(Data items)

☆ ☆ ☆ ☆ ☆ ☆ ☆

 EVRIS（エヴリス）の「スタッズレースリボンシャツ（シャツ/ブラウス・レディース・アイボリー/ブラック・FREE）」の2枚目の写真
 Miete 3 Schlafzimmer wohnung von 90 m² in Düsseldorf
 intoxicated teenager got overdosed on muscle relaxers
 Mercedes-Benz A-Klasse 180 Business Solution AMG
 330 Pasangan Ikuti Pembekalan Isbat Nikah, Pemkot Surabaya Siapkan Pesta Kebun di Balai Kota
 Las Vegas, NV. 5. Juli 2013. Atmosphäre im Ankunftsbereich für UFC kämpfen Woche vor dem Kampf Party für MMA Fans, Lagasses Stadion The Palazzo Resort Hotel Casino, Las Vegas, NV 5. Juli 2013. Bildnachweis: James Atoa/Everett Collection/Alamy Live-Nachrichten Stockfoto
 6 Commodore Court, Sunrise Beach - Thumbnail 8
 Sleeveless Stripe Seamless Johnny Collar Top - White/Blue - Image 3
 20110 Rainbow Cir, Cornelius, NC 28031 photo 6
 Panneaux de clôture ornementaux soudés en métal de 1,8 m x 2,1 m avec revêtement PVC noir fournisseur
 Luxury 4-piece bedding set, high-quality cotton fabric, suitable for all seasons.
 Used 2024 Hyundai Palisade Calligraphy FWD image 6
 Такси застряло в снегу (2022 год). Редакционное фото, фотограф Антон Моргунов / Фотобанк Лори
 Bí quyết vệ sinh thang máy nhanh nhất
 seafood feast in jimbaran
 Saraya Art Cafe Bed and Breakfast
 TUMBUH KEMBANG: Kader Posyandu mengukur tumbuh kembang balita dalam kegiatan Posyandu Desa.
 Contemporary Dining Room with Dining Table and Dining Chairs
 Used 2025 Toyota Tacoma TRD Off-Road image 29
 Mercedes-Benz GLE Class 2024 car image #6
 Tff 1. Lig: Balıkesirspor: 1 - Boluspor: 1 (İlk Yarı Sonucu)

☆ ☆ ☆ ☆ ☆ ☆ ☆

Of the lines above, copy each that contains "Used".

RESPONSE TO THIS TASK >>
 Used 2024 Hyundai Palisade Calligraphy FWD image 6
 Used 2025 Toyota Tacoma TRD Off-Road image 29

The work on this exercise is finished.